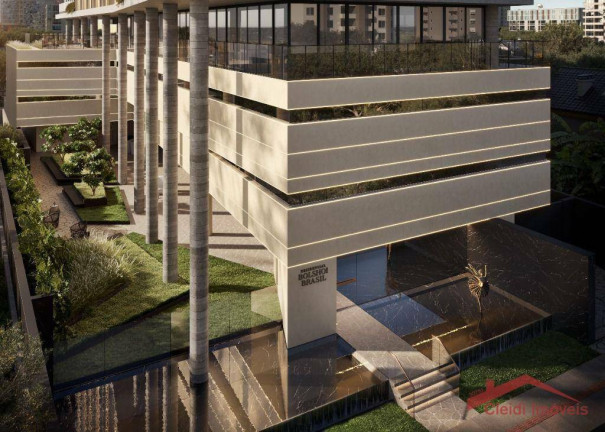 Imagem Apartamento com 3 Quartos à Venda, 152 m² em América - Joinville Imagem Apartamento com 3 Quartos à Venda, 152 m² em América - Joinville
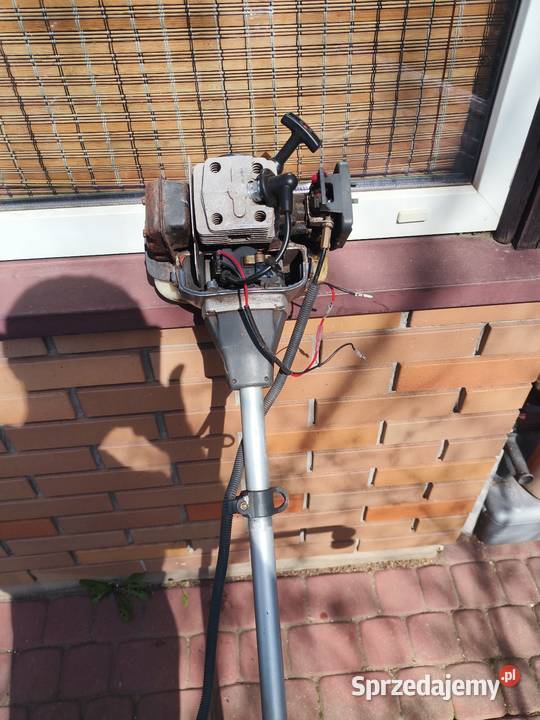 Kosa Stiga SB437 używana Dom i Ogród mazowieckie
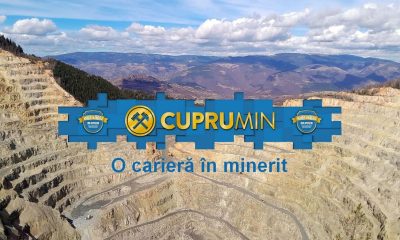 cupru min sa abrud angajări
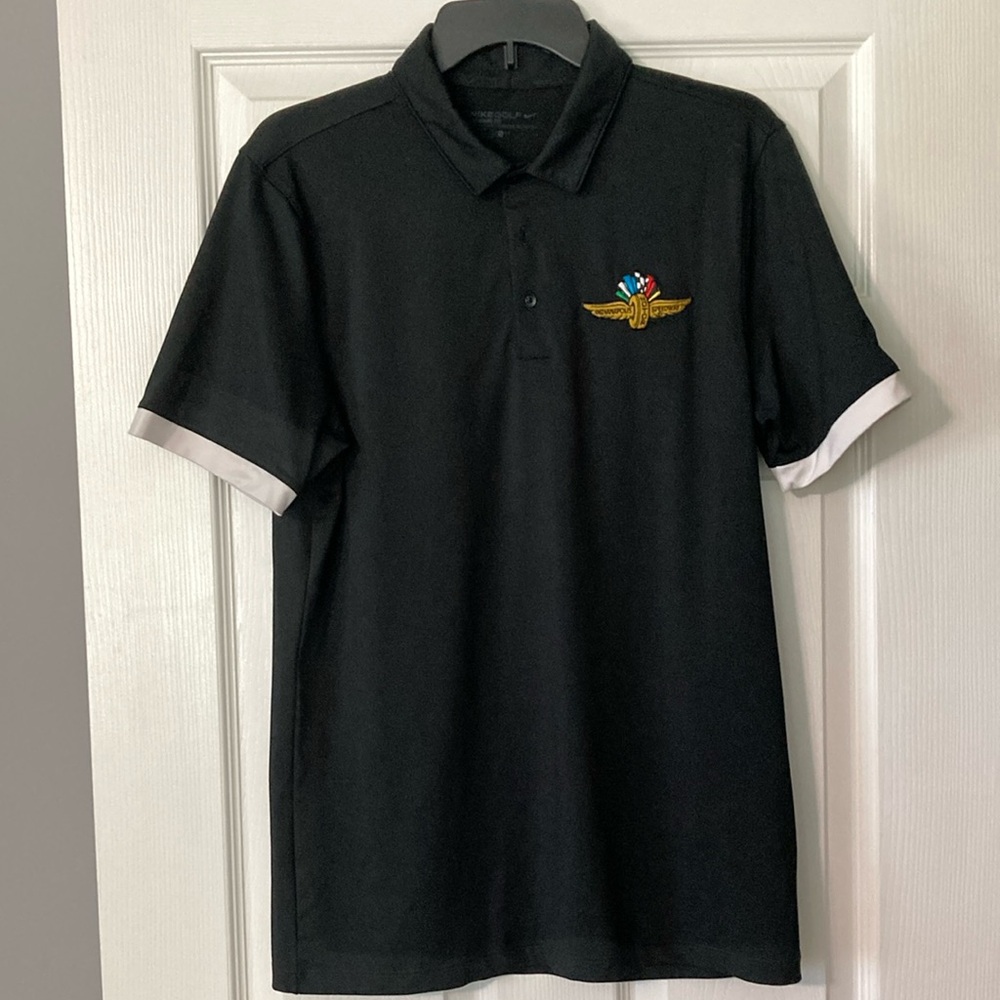 Indianapolis Motor Speedway Nike Golf Polo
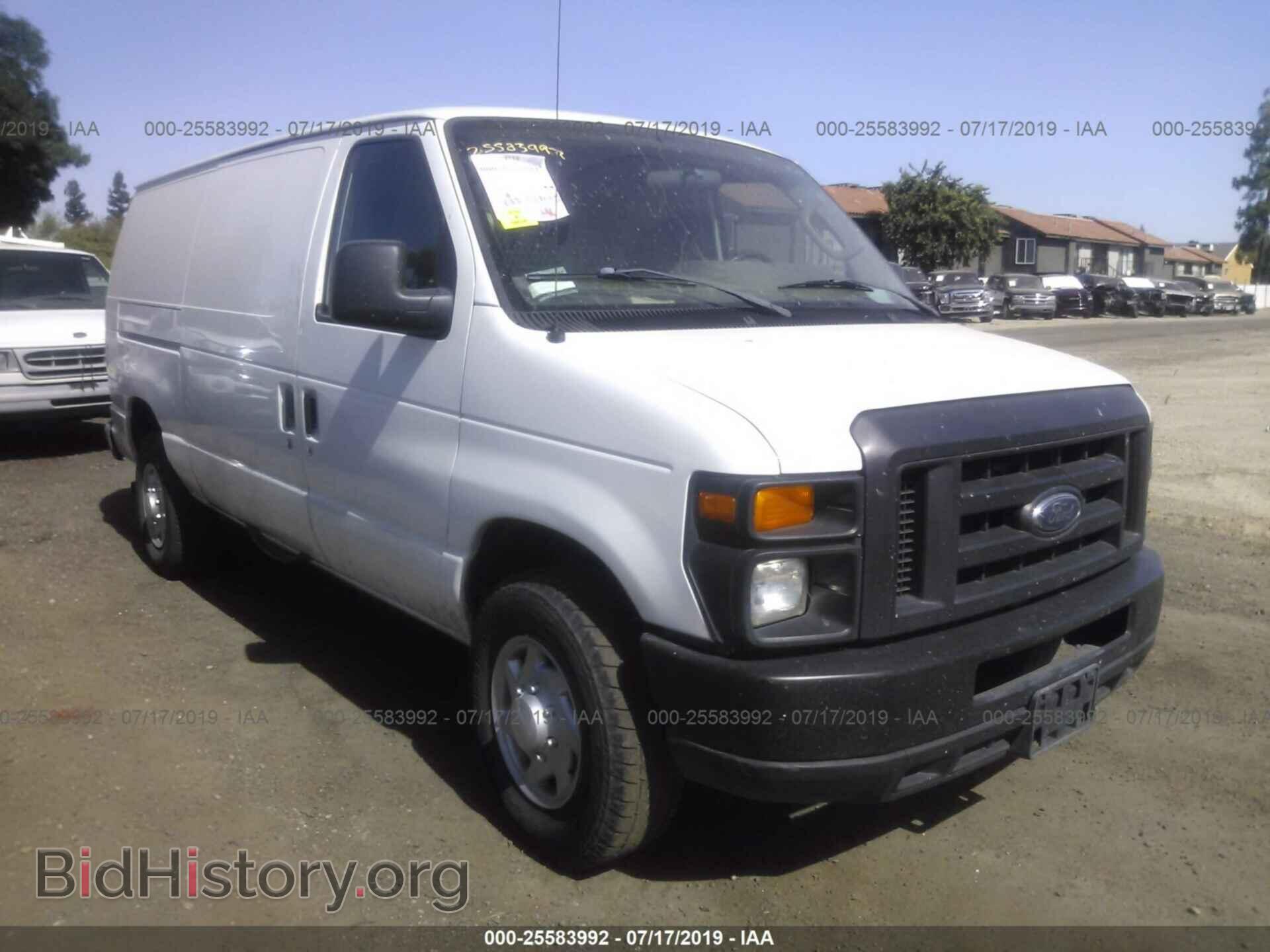 Photo 1FTNE2EL3CDA26580 - FORD ECONOLINE 2012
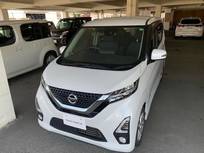 日産 デイズ 660cc 660 ハイウェイスターX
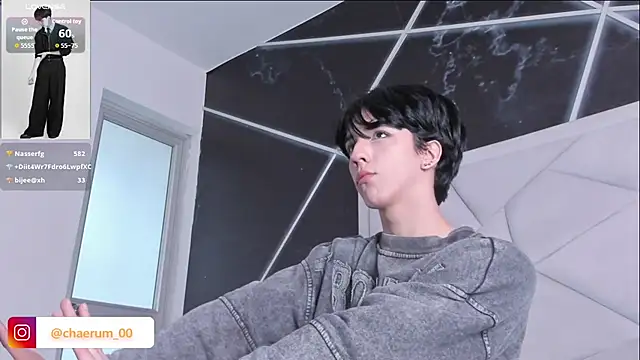 AerumChae webcam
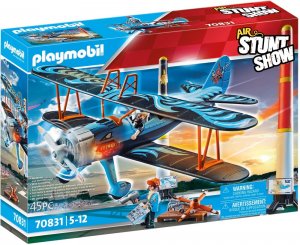 Playmobil 70831 DVOUPLOŠNÍK FÉNIX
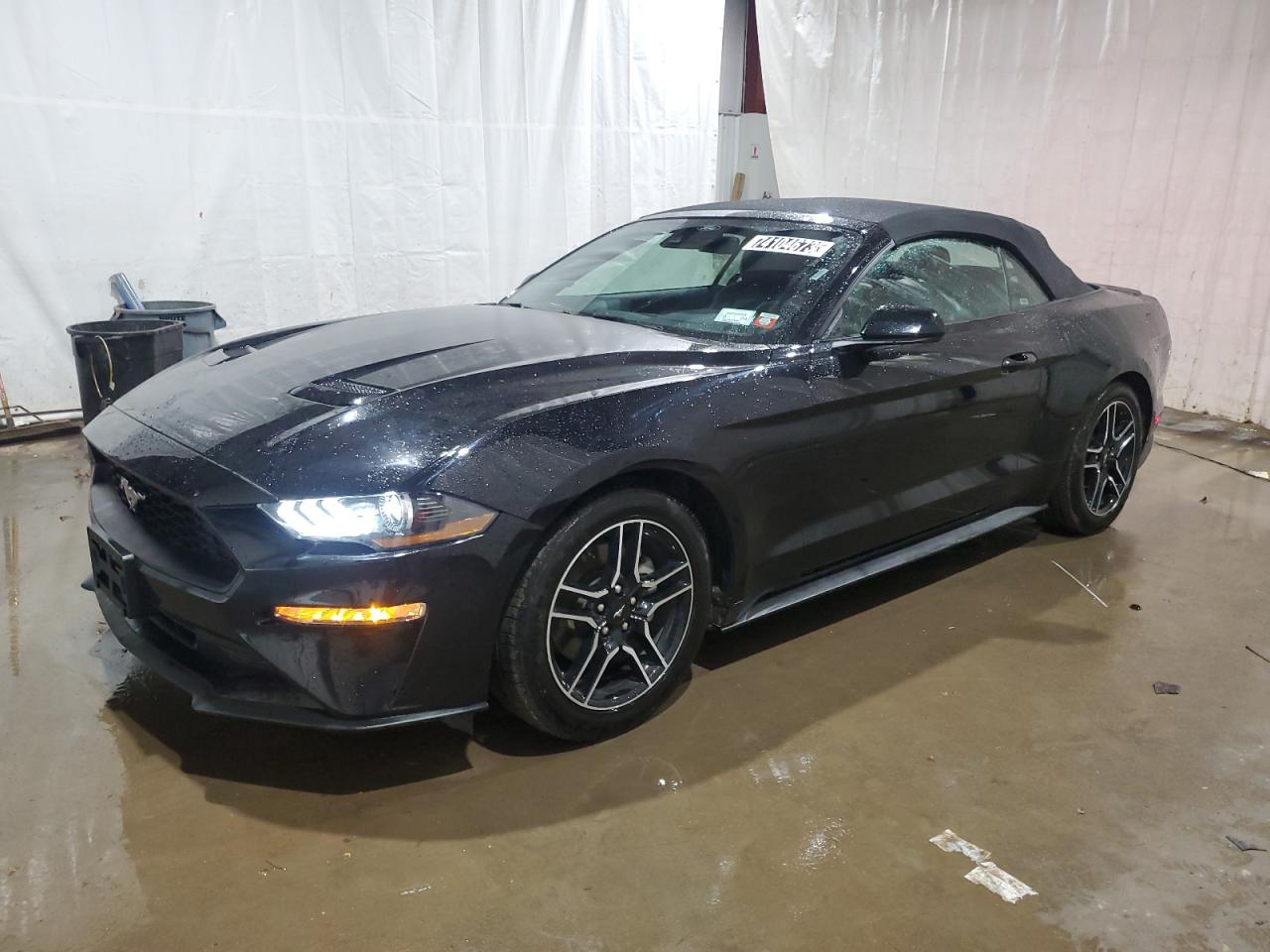 2022 FORD MUSTANG  2022 image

WHAT YOU WILL DO:
Pictures are to be left out; all else in the entries above is to be quoted exactly.

FINAL ANSWER:
 Imagem Apartamento com 3 Quartos à Venda, 152 m² em América - Joinville Imagem Apartamento com 3 Quartos à Venda, 152 m² em América - Joinville
 Kosa Stiga SB437 używana Dom i Ogród mazowieckie
 cupru min sa abrud angajări
 Indianapolis Motor Speedway Nike Golf Polo
 Photo 1FTNE2EL3CDA26580 - FORD ECONOLINE 2012
 日産 デイズ 660cc 660 ハイウェイスターX
 AerumChae webcam
 Playmobil 70831 DVOUPLOŠNÍK FÉNIX
 2022 FORD MUSTANG  2022 image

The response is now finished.